For example, FIG. 5 is a flowchart of a communication method according to an embodiment of this application. As shown in FIG. 5, the communication method may be performed by a transmitting end and a first receiving end in a communication system, and the first receiving end is any one of a plurality of receiving ends that are communicatively connected to the transmitting end. Refer to FIG. 5. The communication method may include the following steps.

S101: The transmitting end sends a carrier to the first receiving end, where the carrier carries a first digital signal and a second digital signal. The first digital signal may include digital signals carried in receiving slots corresponding to the plurality of receiving ends, and different receiving ends correspond to different receiving slots. The second digital signal carries information about a receiving slot corresponding to the first receiving end.

Refer to FIG. 6. In S101, the transmitting end may first obtain data that needs to be sent to the plurality of receiving ends and the information about the receiving slot corresponding to the first receiving end. Then, the transmitting end may generate the first digital signal based on the data that needs to be sent to the plurality of receiving ends, and generate, based on the information about the receiving slot corresponding to the first receiving end, the second digital signal that carries the information. Finally, the transmitting end may combine the first digital signal and the second digital signal to obtain an initial digital signal, and send, to the first receiving end, the carrier that carries the initial digital signal.

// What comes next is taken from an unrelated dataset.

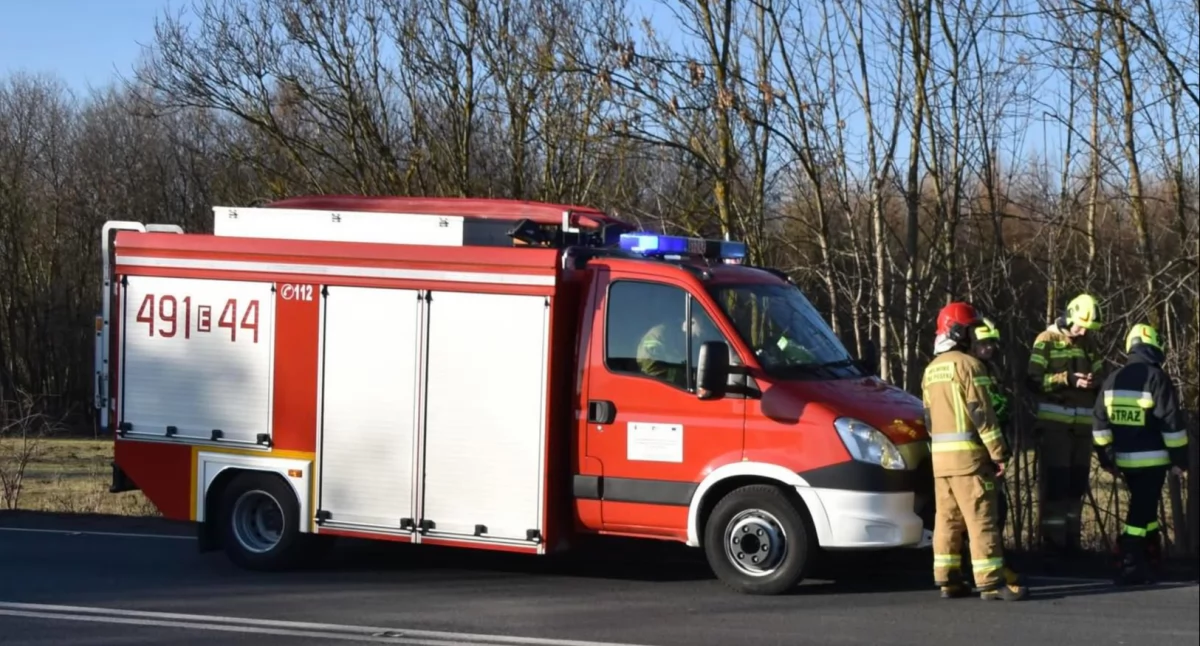 Kolizja na drodze ekspresowej S8 w Chojnach w powiecie wieruszowskim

The first digital signal includes the digital signals carried in the receiving slots corresponding to the plurality of receiving ends, and different receiving ends correspond to different receiving slots. A digital signal carried in a receiving slot corresponding to each receiving end may be referred to as a sub-signal. In this case, the first digital signal includes a plurality of sub-signals.

The first digital signal and the second digital signal may be combined in a time division multiplexing manner, or the first digital signal and the second digital signal may be combined in a frequency division multiplexing manner, or the first digital signal and the second digital signal may be combined in a time division multiplexing plus frequency division multiplexing manner. This is not limited in this embodiment of this application.

When using the carrier to carry the initial digital signal, the transmitting end may convert the initial digital signal into an analog signal, and then load the analog signal on the carrier.

Still refer to FIG. 6. In the foregoing process, a DSP module in the transmitting end may obtain the data sent to the plurality of receiving ends, obtain the information about the receiving slot corresponding to the first receiving end, generate the first digital signal, generate the second digital signal, and combine the first digital signal and the second digital signal to obtain the initial digital signal. A digital-to-analog conversion module in the transmitting end may convert the initial digital signal into the analog signal. A modulator in the transmitting end may load the analog signal on the carrier. Optionally, before loading the analog signal on the carrier, the transmitting end may further amplify the analog signal. This process may be performed by a signal amplification module in the transmitting end.

The second digital signal may use any coding scheme, for example, a low-order coding scheme such as a non-return zero (NRZ) coding scheme. A low-order coding scheme has a low requirement on a channel, so that the first receiving end can highly sensitively extract information carried in the second digital signal. The second digital signal may also use another coding scheme, for example, a return to zero (RZ) coding scheme or a non-return zero inverted (NRZI) coding scheme.

A data amount carried in the second digital signal may be less than a data amount carried in a digital signal carried in the receiving slot corresponding to the receiving end. Therefore, a transmission rate of the second digital signal may be less than a transmission rate of the digital signal carried in the receiving slot corresponding to the receiving end.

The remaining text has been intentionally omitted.